There are 1 best solutions below

0
On

There is a subtle note about this in the docs under astype():

When trying to convert a subset of columns to a specified type using astype() and loc(), upcasting occurs.

loc() tries to fit in what we are assigning to the current dtypes, while [] will overwrite them taking the dtype from the right hand side.

The same issue was raised for older versions of pandas (see this post about pandas 0.18). At some point (I have not been able to identify when), this was changed such that df.loc[:,'col'] and df['col'] produced the same result when using .astype() to cast a column to a new type. I know this because pandas versions 1.2-1.4 (at least) produce the result I expected where df['col'].dtype was updated regardless of whether df.loc[:,'col'] or df['col'] was used on the left hand side of the assignment.

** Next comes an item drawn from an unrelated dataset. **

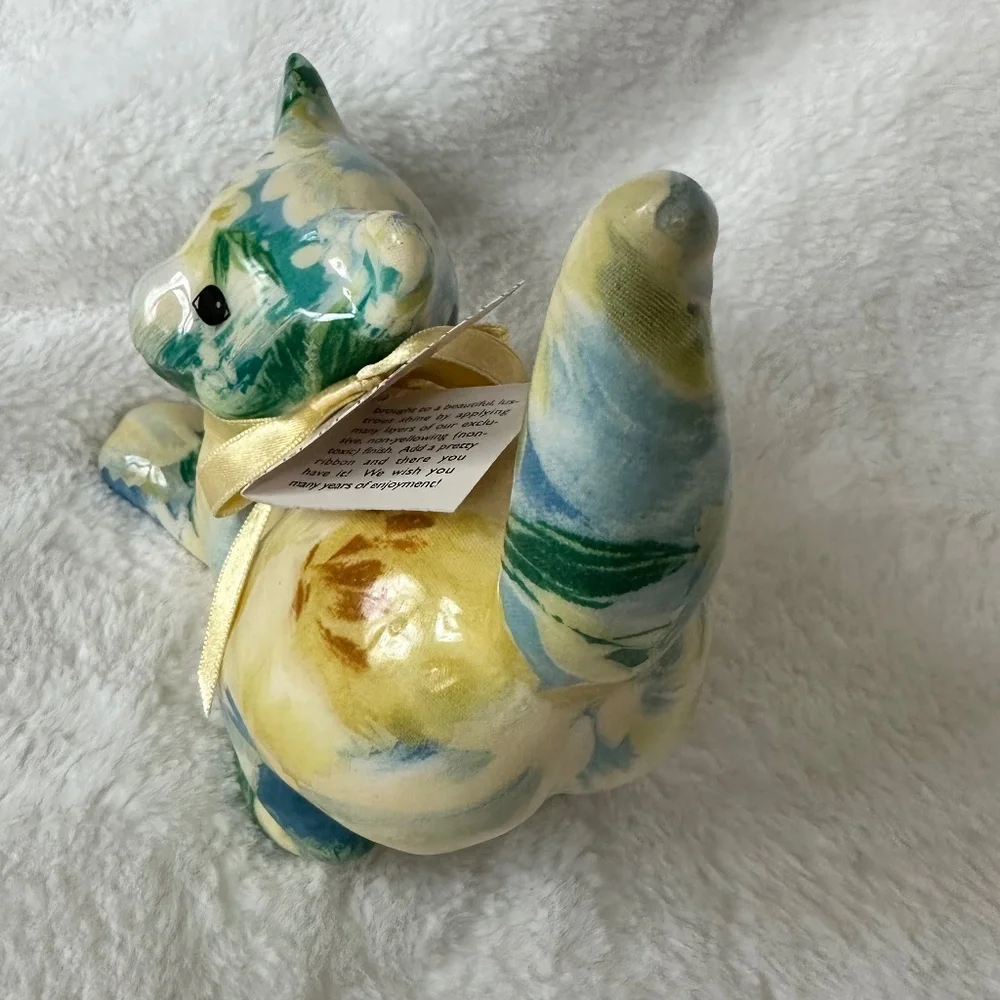 Vintage original Porcelain Patchworks Playing Kitten by Joan Baker Designs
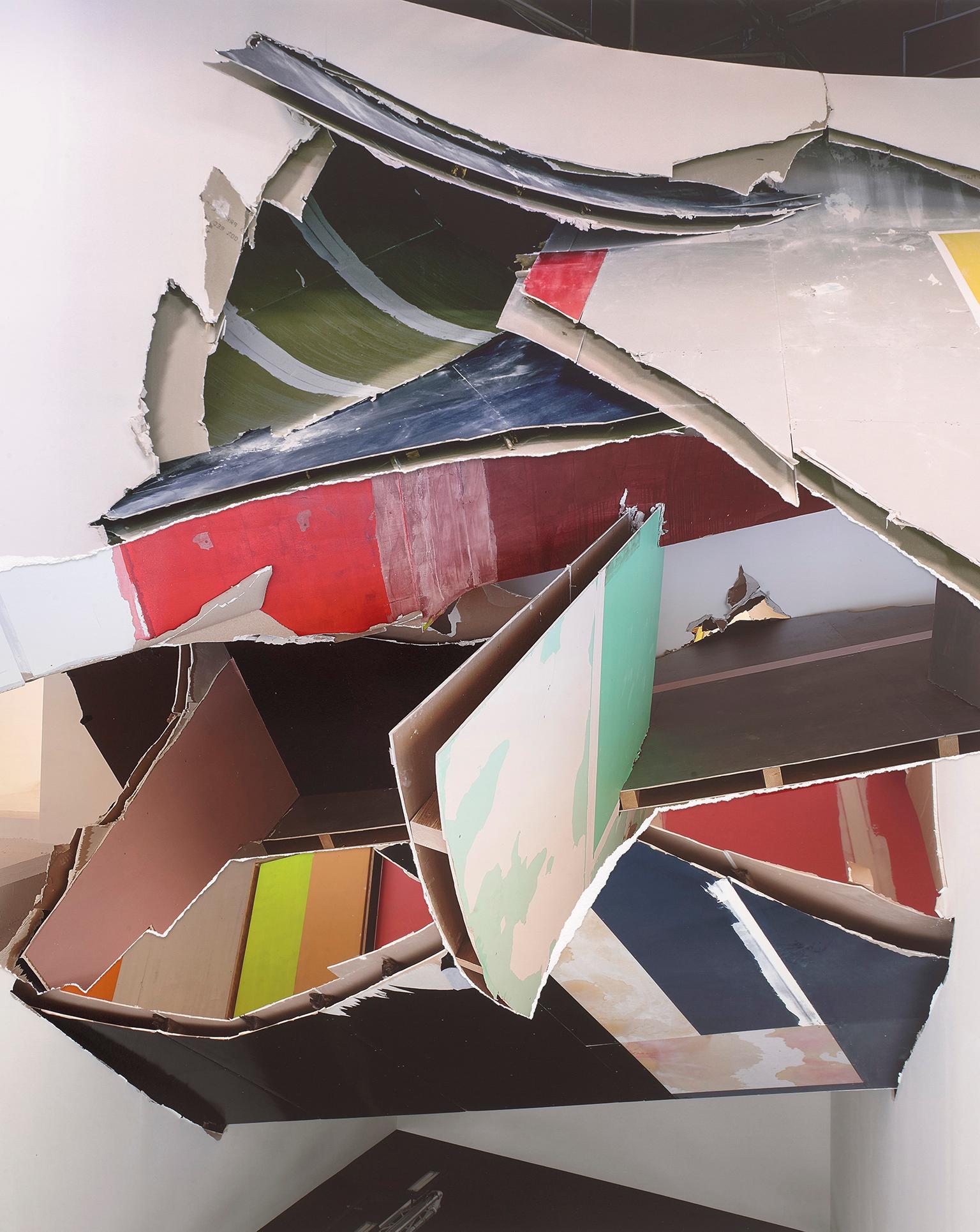 Felix Schramm Color Photograph - Multilayer 270 - unique abstract collage of layered torn sculpture photographs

However, with pandas version 1.5-2.0.3 (Windows/Linux, Python 3.8), this changed again such that the loc() and astype() interaction follows the note in the docs (see this post regarding pandas 2.0.0).

In general, unless you are trying to cast your column to a new datatype using astype(), you can use loc() with a row mask of : to make assignments, but for type casting you will need to use [] for now.

I feel like this behavior should raise a warning to inform the user that the intended typecast fails using .loc[]. I will raise an issue on the pandas-dev GitHub and update this answer with a link.